## Your instructions
Repeat only the lines from the one containing "Deshumidificador Sharp UD-P20E 3.8L" to the final line below, exactly as they read, and leave every picture out.

[Collected data entries]

■ ■ ■ ■ ■ ■ ■

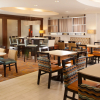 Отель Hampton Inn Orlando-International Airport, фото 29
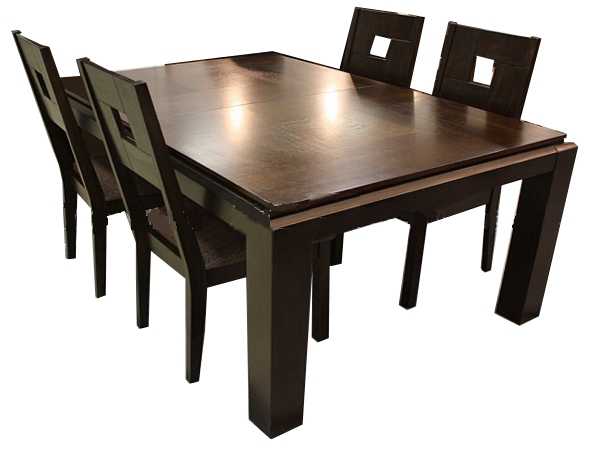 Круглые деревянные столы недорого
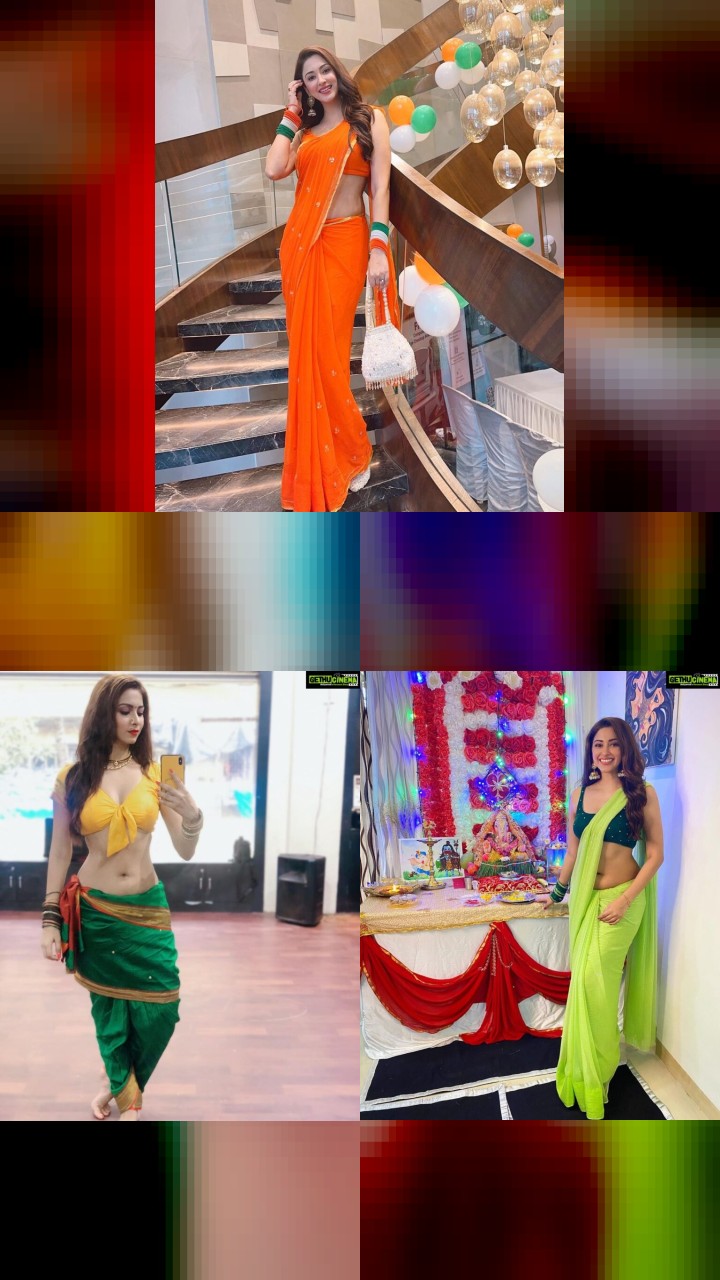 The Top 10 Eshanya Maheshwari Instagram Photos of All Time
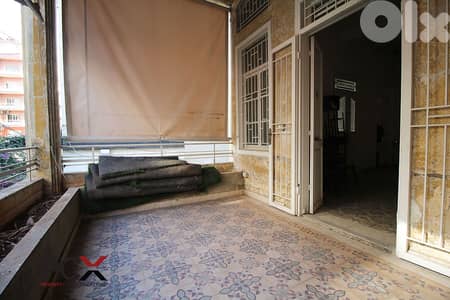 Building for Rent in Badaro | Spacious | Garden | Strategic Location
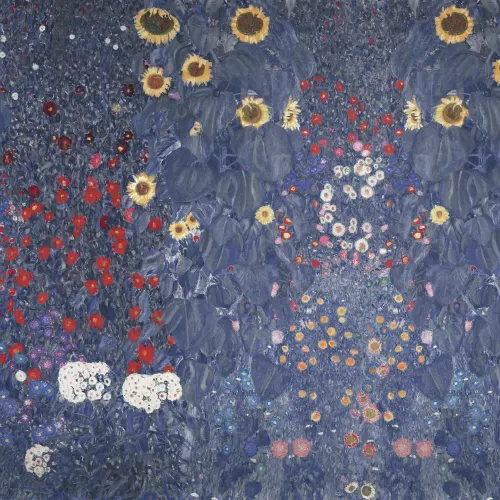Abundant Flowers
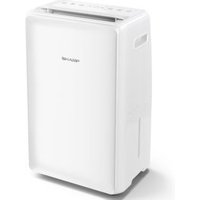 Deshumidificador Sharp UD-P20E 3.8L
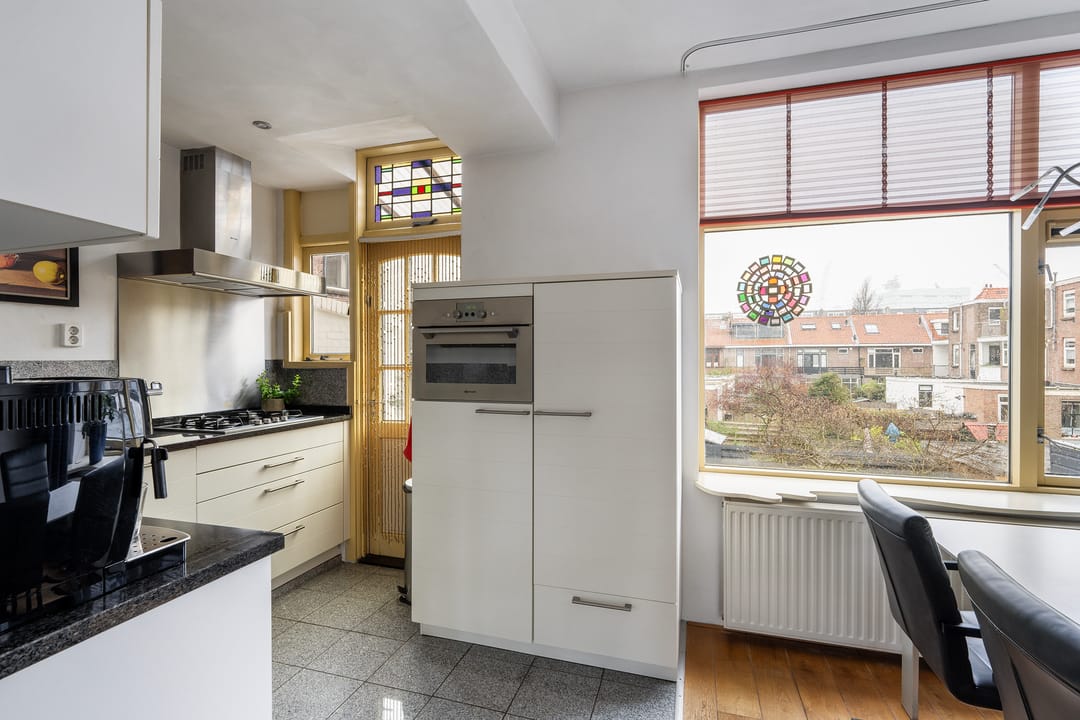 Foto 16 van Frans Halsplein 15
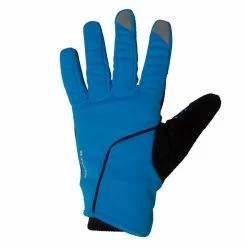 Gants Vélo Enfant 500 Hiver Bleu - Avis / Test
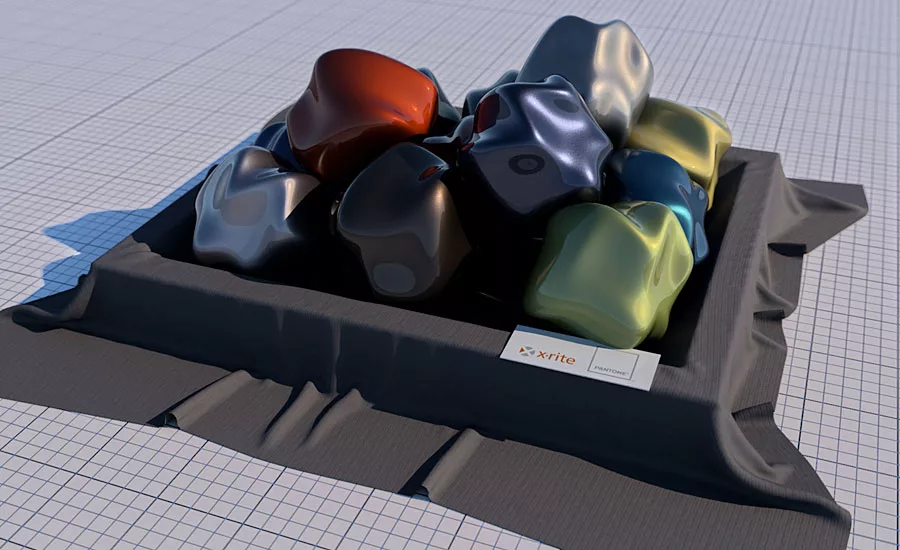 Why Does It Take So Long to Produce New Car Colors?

■ ■ ■ ■ ■ ■ ■

## Response area
 Deshumidificador Sharp UD-P20E 3.8L
 Foto 16 van Frans Halsplein 15
 Gants Vélo Enfant 500 Hiver Bleu - Avis / Test
 Why Does It Take So Long to Produce New Car Colors?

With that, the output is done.